As for the subject of balancing, we’re intrigued to see what happens to the Hero-specific and neutral Basic cards that Blizzard has promised will be revisited and refined. With a stated desire to improve the health and diversity of Hearthstone’s metagame, are some of the more powerful cards like Flamestrike or Fiery War Axe about to be softened?
This is fundamental stuff for the team to be tinkering around with, and getting these changes right the first time around is crucial if the new player experience is to be protected. It’s hard to imagine another window of opportunity for the team to make this kind of dramatic re-appraisal of Hearthstone’s foundational cards, and reverting or amending any of these changes will cause confusion and a loss of confidence.
As for losing more and more established and popular cards in Standard format over time, there’s something else worth considering. Are we really sure we’ll all be as sorry as we think we will to see the departure of Dr. Boom? He may well be the default, recommended first Legendary for players to craft – and that makes for a dull metagame for newcomers and veterans alike – but he also introduces elements of random interaction on the board which add some degree of vitality.
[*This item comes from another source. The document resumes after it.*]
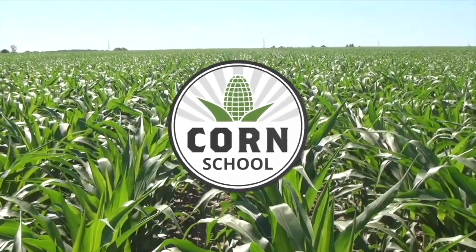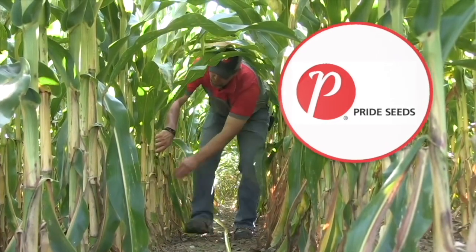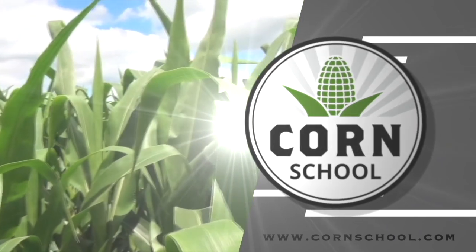Corn School on RealAgriculture.com is brought to you by Headline Amp, Carumba Fungicides, and Pride Seeds. Kara Oostros here with RealAgriculture.com. Today I'm with Dr. Gebir Dillon, a research scientist with Farming Smarter, for a Corn School episode. Recently you have done some research on dryland corn — can you tell me a bit about that?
Isn’t he arguably a symptom of a different problem – a lack of other options for the Mana slot?
In that sense, the proposed changes lay a heavy gauntlet down for Blizzard. If the developers can use this segregation of the Hearthstone audience to create a truly dynamic metagame, and fix these issues of card diversity, it will be an exciting evolution for the game. Otherwise it feels as though the problem is simply being delayed for another day. We’ll get the first signs of how the team intends to meet that challenge when the new expansion is revealed in the coming weeks.